Raymond: Okay. Got you.
Dr. Masanet: And the reason we did that is it takes a few years for data to appear and the most robust assessments are always retrospective because, you know, the technology in the IT sector and frankly, data center operations change quite quickly. So, it’s typically most credible to look back when you have reasonable data on the past to weigh in on these trends. So, let me take the first number, which is the amount of compute globally. So, we don’t know that number precisely. What we had to use in our study as a reasonable proxy was the number of compute instances. And this was defined by Cisco. They have a report which they’ve been publishing each year for roughly the last decade. The Global Cloud Index Report (GCI) where they estimate the number of workloads and compute instances running in the world’s data centers. But we don’t necessarily know the computational intensity of each of those. We have to take an average. But if we use that value as a proxy, the number of compute instances that has gone up by more than sixfold over the period, 2010 to 2018. So, a sixfold…
Raymond: Sixfold, 600%?
Dr. Masanet: Sixfold. Yes. Yeah.
Dr. Masanet: Factor of six. Over that same time period, our best estimates suggest that the energy used by data centers has only risen by about 6%. So, that is we calculated in the paper that equates to an energy intensity reduction if we take the amount of energy in the numerator and the number of compute instances in the denominator, so, energy per compute instance, that has gone by around 20% every year.
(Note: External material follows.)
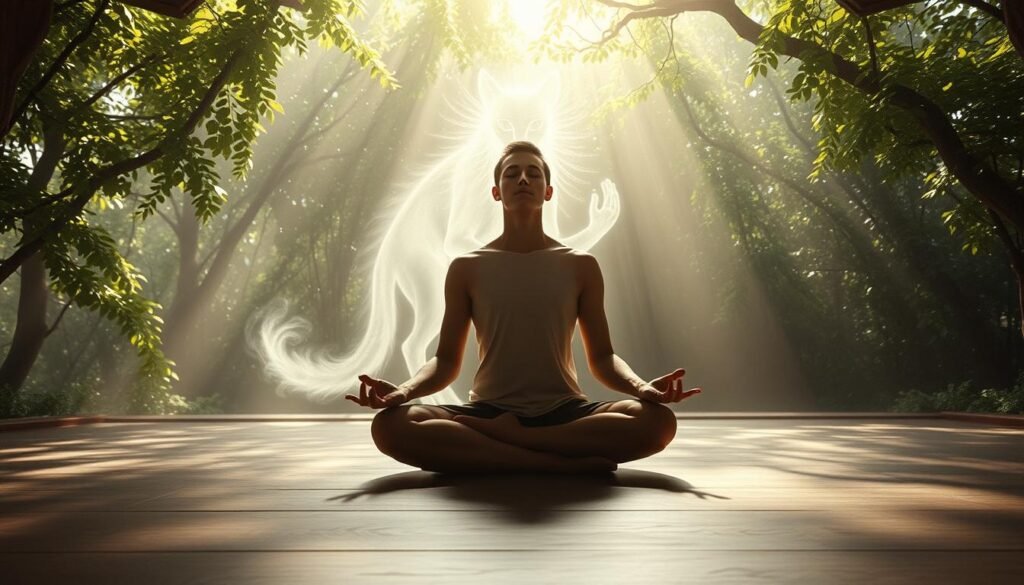 Spirit animal meditation practice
And that pace of efficiency improvement is far greater than we can see in any other sector of the energy system, global industry, global aviation, global transport sector. And we wanted to point out that even though the data center industry sometimes gets beaten up a bit about its energy use or about its contributions to climate change, that is really a remarkable efficiency improvement and better than nearly any other sector for which we have data.
Raymond: Okay. So, we’re on a data center podcast, Eric, so I’m going to ask you to drive this one home. I think what I just heard you say is if you run the math, it’s essentially the data center industry, or the compute footprint on the planet has improved its efficiency by about 20% a year and stacked up against any other industry. That’s fantastic. Is that a simple way of saying what I think I just heard you explain?
Dr. Masanet: I think that’s a good description of it. We couldn’t find any other sector that has improved its efficiency per unit of service provided anywhere near what the data center industry has been able to accomplish over the last decade.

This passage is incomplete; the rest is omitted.